At approximately 2-h intervals during scheduled wakefulness (see Figure 1), a test battery consisting of the psychomotor vigilance test (PVT) [28,29] and a computerized Karolinska Sleepiness Scale (KSS) [30], among other tests, was administered on a desktop computer in each subject’s individual bedroom. The PVT is a 10-min serial reaction time task considered to be a gold standard measure of behavioral alertness [28]. Subjects were asked to respond to a visual stimulus, in the form of a millisecond counter, by pressing a button on a response box as quickly as possible without making false starts. The stimulus was presented at random intervals between 2 and 10 s. Log-transformed signal-to-noise ratio (LSNR), a measure of the fidelity of information processing, was used to quantify PVT performance [25]. The KSS is a nine-point Likert scale on which subjects rated their current level of sleepiness ranging from 1 (“extremely alert”) to 9 (“extremely sleepy/fighting sleep”) [30].

Genotyping

A venous whole blood sample was collected from each subject prior to the experiment. Blood was collected in a vacutainer tube coated with K₂-EDTA (dipotassium-ethylenediaminetetraacetic acid), aliquoted, and immediately stored at −80°C until time of analysis. Samples were red-cell-depleted and genomic DNA (gDNA) was extracted. The gDNA samples were assayed for the ARC NM_015193.4:c.*742 + 58C > T non-coding SNP (rs35900184, chromosome 8) using the Functionally Tested TaqMan Assay (Assay ID: C____256014_20; ThermoFisher Scientific, Waltham, MA, USA). Real-time polymerase chain reaction (PCR) procedures were performed according to the manufacturer’s protocol using VIC/FAM context sequence AGGGTGTCTGGGGTCTGGGGAGGAG[C/T]TCATTTGGCCGGGACAGCTGATGGT. Reactions contained 20 ng wet gDNA in a final volume of 25 μL. Samples were assayed in duplicate. All plates included a no-DNA negative control. Allelic discrimination analysis was performed using MJ Opticon Monitor Analysis Software v3.1 (Bio-Rad Laboratories, Hercules, CA, USA).

Data analyses

The genotypes in our sample were tested for deviation from Hardy–Weinberg equilibrium using a χ² test [31]. Logistic regression was used to test for differences in sex and race/ethnicity distributions by ARC genotype. One-way analysis of variance (ANOVA) was used to test for differences in age as a function of ARC genotype.

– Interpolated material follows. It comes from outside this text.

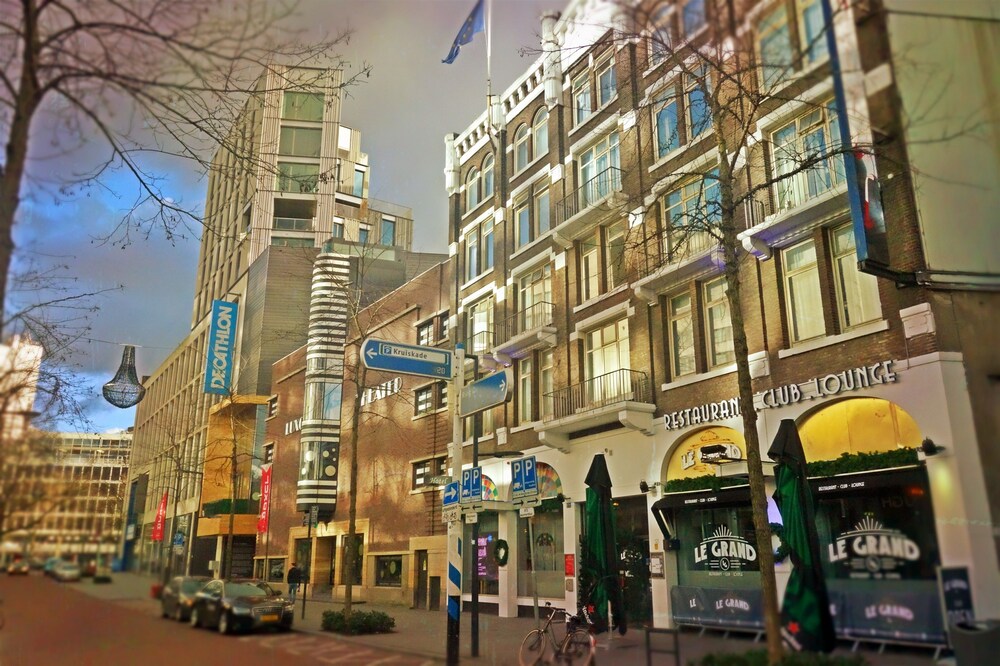 Hotel Front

Habitual sleep duration and intermittent wakefulness, as well as habitual bedtimes and waketimes, were estimated from actigraphically measured sleep (Actiwatch 2; Phillips Respironics, Murrysville, PA) in the 7 days prior to the laboratory experiment. Actigraphic records were scored using Actiware software (Version 6.0.7; Phillips Respironics, Murrysville, PA), guided by sleep diary [32]. Data were averaged across the 7 days for each subject, then compared between ARC genotypes (C/C, C/T, and T/T) using one-way ANOVA.

Sleep variables were analyzed using mixed-effects ANOVA with fixed effects for ARC genotype (C/C, C/T, and T/T), night (baseline, recovery), and their interaction, with study as a covariate. As age affects SWS [33], a sleep variable of primary interest, age was added as a covariate as well. A random effect over subjects was placed on the intercept. ARC genotype by night interaction was the primary effect of interest and used as a measure of sleep homeostatic response to TSD.

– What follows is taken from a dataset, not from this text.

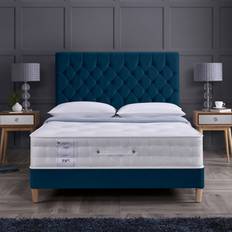 Rest Relax Sleep Sicily Wool 1000 Pocket Sprung Mattress Small Double 4Ft Coil Spring Matress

For each spectral band (delta, theta, alpha, and beta) of the NREM and REM sleep EEG, log-transformed power was analyzed using mixed-effects ANOVA with fixed effects for ARC genotype, night, frequency bin, and their two- and three-way interactions. Study and age were included as covariates, and a random effect over subjects was placed on the intercept. Reported results are for total band power and the effects thereon of ARC genotype, night, and their interaction, estimated as part of the mixed-effects ANOVA.

PVT LSNR data and KSS scores were averaged over the first 12 h of the TSD period after a 1-h period immediately after awakening (i.e. from 09:00 until 21:00) to determine neurobehavioral functioning at baseline controlling for any sleep inertia [34], and over the last 12 h of the TSD period prior to a 1-h period immediately before bedtime (i.e. from 09:00 until 21:00 on the second day of TSD) to determine waking neurobehavioral functioning during TSD at the same times of day as baseline. The PVT and KSS data were separately analyzed using a mixed-effects ANOVA with fixed effects for ARC genotype, waking period (baseline, TSD), and their interaction. Study and age were included as covariates, and a random effect over subjects was placed on the intercept. ARC genotype by night interaction was the primary effect of interest and was used as a measure of the sleep homeostatic response to TSD.

Planned contrasts were included for pairwise comparisons between ARC genotypes for each variable of interest. Analyses were repeated with sex and race added as additional covariates. There were no substantive changes in any of the results; therefore, these latter analyses are not reported.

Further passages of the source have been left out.